Es un descuido mío el no recordar la primera vez que entré a una charity shop en Inglaterra. Puede que me cueste recordarlo porque ocurrió en los vertiginosos primeros días de mi llegada, en los que todo lo que uno hace, en calidad de extranjero recién llegado, califica como una primera vez. De alguna manera me enteré de que existían tiendas de segunda mano donde vendían prácticamente de todo y barato, para beneficiar distintas organizaciones de caridad. Por lo que quisiera recordar esa primera vez es simplemente por gratitud. Agradezco la existencia de estas tiendas.
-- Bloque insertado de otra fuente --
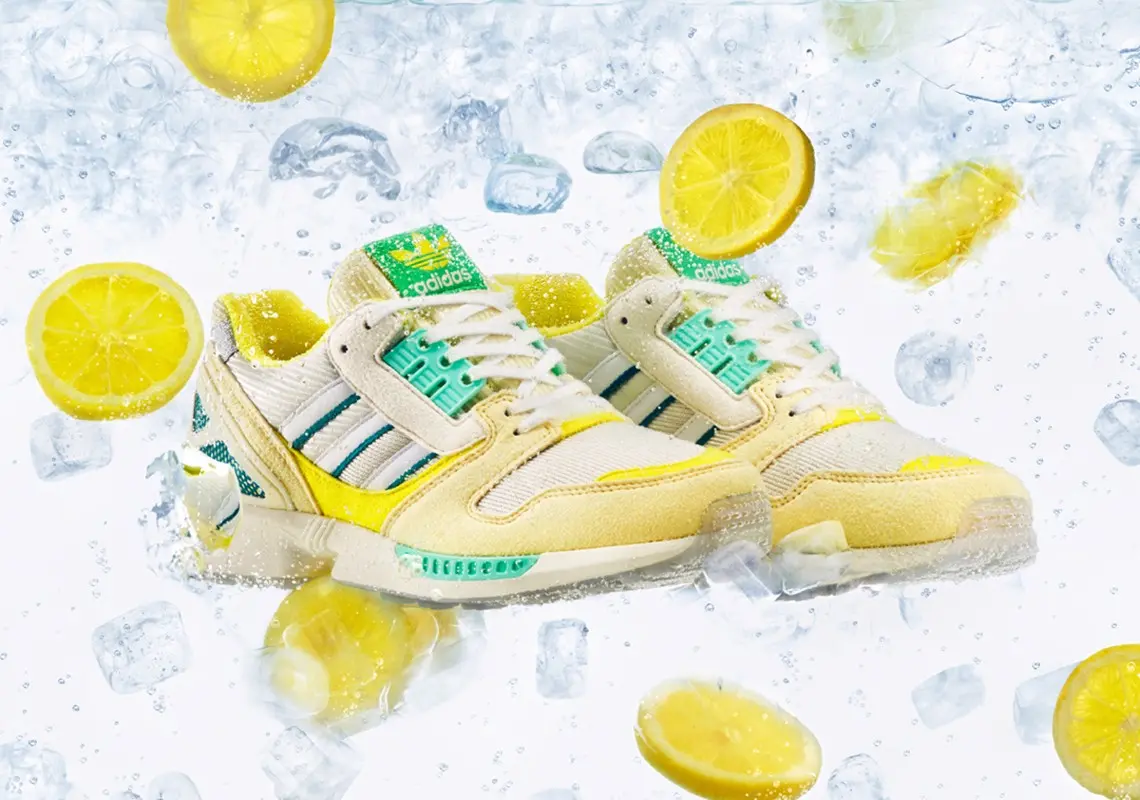 ZX 8000 “Frozen Lemonade” khi mùa hè đến sớm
En retrospectiva, puede ser que la primera charity shop que visité haya sido una de muebles, o una donde vendían el libro de 1956 “101 dálmatas”, en el cual se basó la película, y que hasta este día lamento no haber comprado. Pero digamos que fue la de muebles. No podía acceder a alojamientos de la universidad porque yo era estudiante pero los dos gatos que venían conmigo no, así que terminé alquilando una casa. La casa no estaba amoblada y alguien me sugirió una tienda en el centro de la ciudad. Mi nesting instinct estaba hiperactivado, estaba ansiosa por instalarme en un lugar que pudiera llamar hogar, y esa tienda me ayudó a hacerlo con rapidez. No podía creer que los muebles que había escogido tenían un precio tan bajo. No podía creer que fueran de segunda mano. En cosa de días dejé de dormir en la sala sobre un montón de cojines, teniendo en su lugar una cama decente en la cual sudar el jet lag sobrante.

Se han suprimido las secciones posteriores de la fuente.